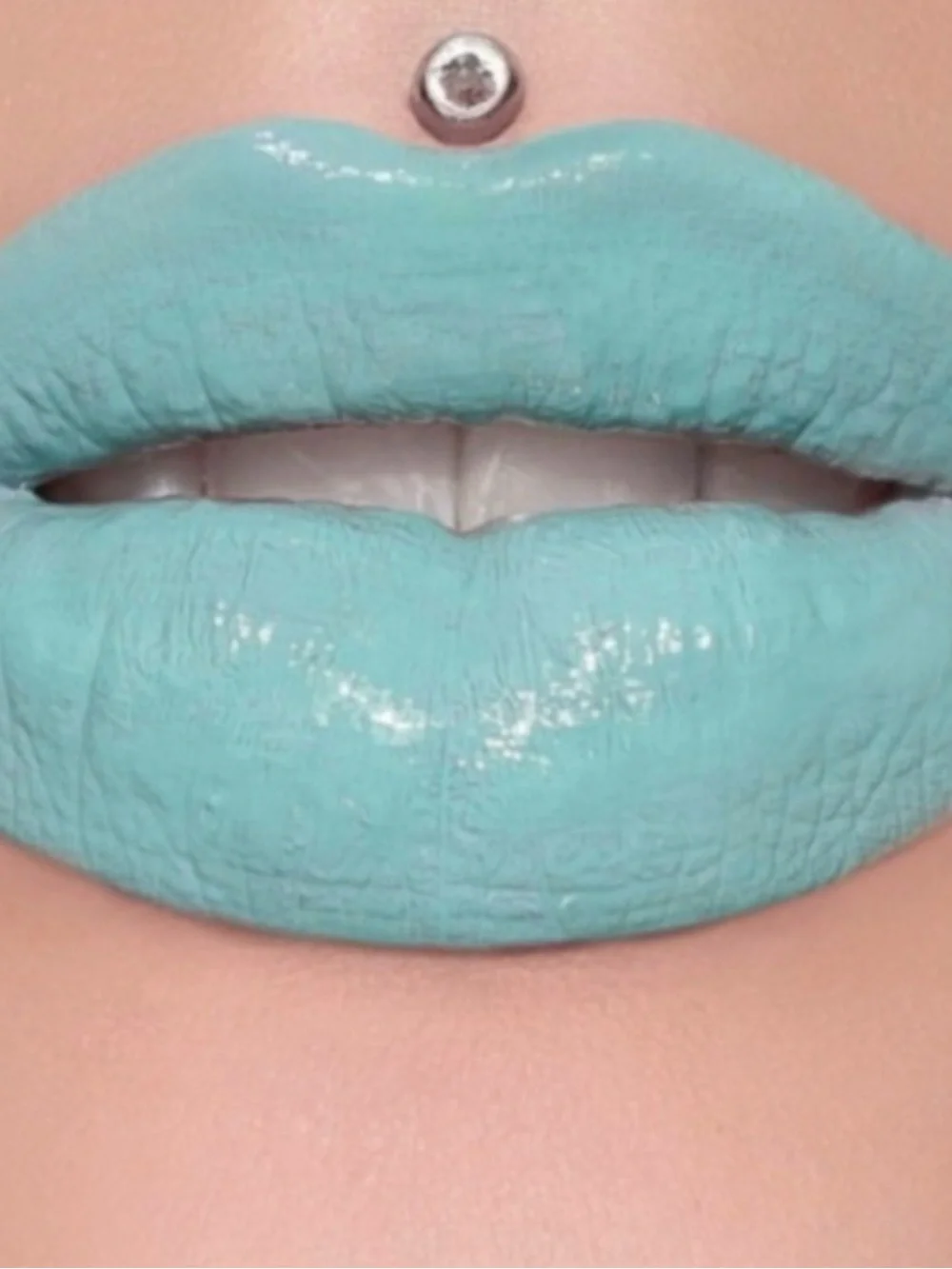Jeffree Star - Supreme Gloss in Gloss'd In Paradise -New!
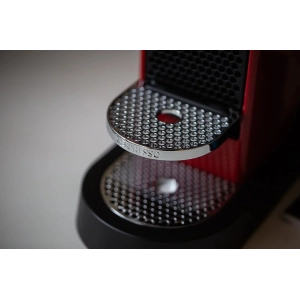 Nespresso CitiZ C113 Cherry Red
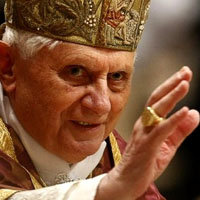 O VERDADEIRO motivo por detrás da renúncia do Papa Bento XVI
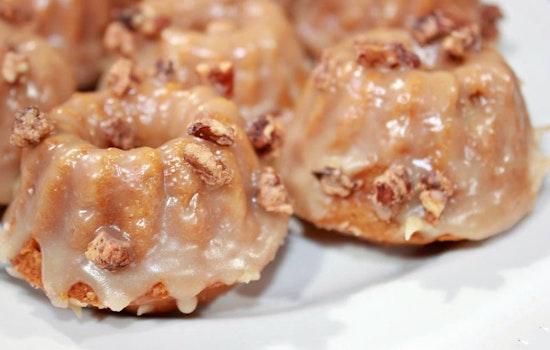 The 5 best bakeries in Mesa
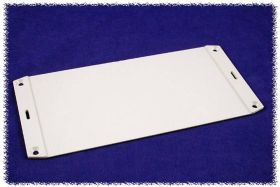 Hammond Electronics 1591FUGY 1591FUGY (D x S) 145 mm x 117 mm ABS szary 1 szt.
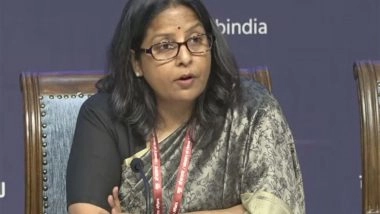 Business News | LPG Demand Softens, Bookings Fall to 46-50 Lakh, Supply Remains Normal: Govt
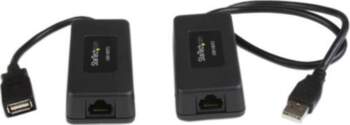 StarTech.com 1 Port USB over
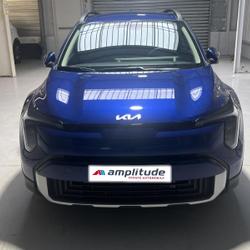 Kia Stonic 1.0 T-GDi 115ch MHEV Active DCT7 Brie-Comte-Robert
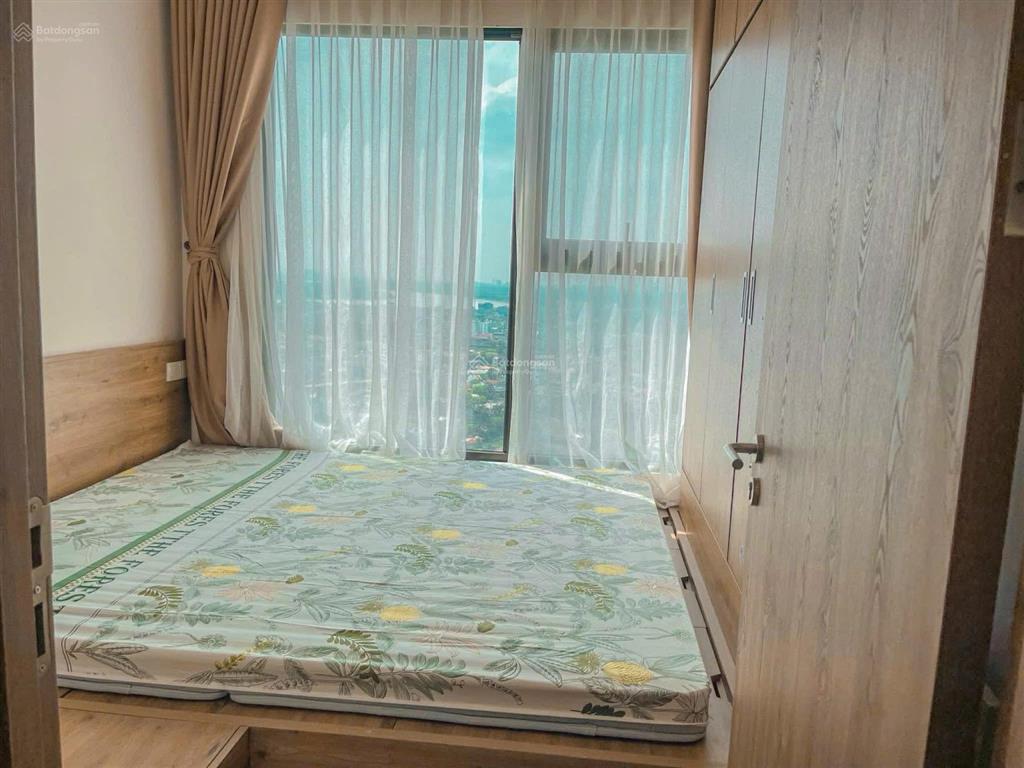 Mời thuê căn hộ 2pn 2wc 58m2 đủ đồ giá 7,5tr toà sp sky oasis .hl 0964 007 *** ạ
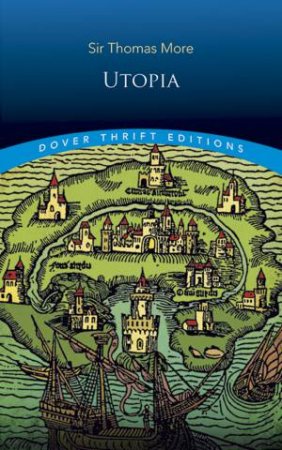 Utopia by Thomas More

━━━━━━━━

The required output is every line from the one containing "Mời thuê căn" through the last line of the records, inclusive, reproduced exactly and without pictures.

 Mời thuê căn hộ 2pn 2wc 58m2 đủ đồ giá 7,5tr toà sp sky oasis .hl 0964 007 *** ạ
 Utopia by Thomas More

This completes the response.